According to standards set by the American National Standards Institute and the Association for the Advancement of Medical Instrumentation, non-invasive ICP monitoring must achieve:
- •±2 mmHg accuracy for true ICP values in the 0–20 mmHg range
- •±10% accuracy for ICP values above 20 mmHg
While the test MAE exceeds the strict ±2 mmHg threshold, the model remains clinically actionable in the most relevant range for iNPH patients: 0–15 mmHg. The error distribution (Figure 3) confirms that predictions cluster within acceptable bounds.
To visualize model behavior, Figure 4 shows predictions on validation subjects, where red-shaded regions denote validation windows.
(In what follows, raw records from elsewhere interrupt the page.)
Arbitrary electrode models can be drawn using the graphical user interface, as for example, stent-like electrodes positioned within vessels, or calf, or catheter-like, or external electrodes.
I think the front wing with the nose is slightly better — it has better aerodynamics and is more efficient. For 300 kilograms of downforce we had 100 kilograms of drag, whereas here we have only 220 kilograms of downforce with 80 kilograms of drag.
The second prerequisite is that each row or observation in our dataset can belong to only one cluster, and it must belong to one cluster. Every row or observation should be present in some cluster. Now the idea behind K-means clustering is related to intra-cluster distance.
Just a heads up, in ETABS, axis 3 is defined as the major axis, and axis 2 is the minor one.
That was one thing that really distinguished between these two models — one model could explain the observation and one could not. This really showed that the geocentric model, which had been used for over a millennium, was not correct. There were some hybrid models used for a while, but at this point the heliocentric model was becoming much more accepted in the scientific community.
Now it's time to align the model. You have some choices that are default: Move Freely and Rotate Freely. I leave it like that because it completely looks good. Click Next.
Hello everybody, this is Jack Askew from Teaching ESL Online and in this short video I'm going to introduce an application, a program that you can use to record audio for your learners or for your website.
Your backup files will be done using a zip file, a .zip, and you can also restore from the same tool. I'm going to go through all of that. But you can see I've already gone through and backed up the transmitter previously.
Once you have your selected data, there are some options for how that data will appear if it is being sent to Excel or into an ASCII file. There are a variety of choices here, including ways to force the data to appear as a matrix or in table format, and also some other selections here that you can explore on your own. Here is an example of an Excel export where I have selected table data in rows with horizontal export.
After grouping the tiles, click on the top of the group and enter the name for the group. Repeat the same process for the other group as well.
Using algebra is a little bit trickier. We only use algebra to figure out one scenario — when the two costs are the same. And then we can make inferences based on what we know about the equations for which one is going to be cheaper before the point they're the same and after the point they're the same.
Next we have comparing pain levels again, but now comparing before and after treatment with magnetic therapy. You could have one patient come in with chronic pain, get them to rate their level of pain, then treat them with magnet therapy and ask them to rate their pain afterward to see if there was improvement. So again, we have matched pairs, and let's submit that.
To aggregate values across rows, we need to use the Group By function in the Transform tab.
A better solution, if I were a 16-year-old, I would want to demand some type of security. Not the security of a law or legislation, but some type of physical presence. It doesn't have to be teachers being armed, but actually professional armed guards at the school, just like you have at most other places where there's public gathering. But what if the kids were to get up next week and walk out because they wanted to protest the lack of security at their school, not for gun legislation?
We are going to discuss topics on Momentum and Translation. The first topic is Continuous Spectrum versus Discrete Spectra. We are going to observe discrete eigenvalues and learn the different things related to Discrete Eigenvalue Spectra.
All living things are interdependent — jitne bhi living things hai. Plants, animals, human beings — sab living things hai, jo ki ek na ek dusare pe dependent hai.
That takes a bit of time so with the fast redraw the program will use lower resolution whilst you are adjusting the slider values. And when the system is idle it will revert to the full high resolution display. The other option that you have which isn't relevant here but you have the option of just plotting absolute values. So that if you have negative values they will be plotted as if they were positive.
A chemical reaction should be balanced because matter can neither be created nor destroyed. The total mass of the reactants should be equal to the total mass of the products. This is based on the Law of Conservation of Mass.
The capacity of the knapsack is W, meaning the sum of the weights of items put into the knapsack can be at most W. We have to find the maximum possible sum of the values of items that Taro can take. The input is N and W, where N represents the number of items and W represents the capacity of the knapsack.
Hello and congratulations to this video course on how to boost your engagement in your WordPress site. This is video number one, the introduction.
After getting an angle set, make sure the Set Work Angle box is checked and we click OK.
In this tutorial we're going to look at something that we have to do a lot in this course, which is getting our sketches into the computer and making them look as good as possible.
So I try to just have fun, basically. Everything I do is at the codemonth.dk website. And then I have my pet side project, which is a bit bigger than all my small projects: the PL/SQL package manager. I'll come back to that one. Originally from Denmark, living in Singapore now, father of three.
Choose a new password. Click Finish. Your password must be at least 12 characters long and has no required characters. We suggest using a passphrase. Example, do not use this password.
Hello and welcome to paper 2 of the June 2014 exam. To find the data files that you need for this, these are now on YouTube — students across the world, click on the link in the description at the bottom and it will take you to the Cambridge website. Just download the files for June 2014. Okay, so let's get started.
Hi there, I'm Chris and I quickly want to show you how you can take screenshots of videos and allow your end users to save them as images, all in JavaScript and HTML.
The predicted ICP (blue) closely tracks the true ICP (green), capturing both slow drifts and fast spikes. Figure 5 presents performance on completely unseen test subjects, demonstrating strong generalization.
Conclusion
This work presents a clinically viable, non-invasive method for ICP estimation using deep learning on CBF signals acquired via diffuse correlation spectroscopy. By training a wavelet-based neural network on synchronized invasive and non-invasive recordings from 44 iNPH patients at Vall d'Hebron University Hospital, we demonstrated that ICP can be accurately predicted from CBF dynamics without the need for surgical monitoring.
The model achieved a mean absolute error of 2.6 mmHg on validation data, aligning with the ±2 mmHg accuracy target. On a held-out test set, performance remained robust (MAE: 5.8 mmHg), with 70% of predictions within ±6 mmHg in the 0–15 mmHg interval, where clinical intervention is often most critical.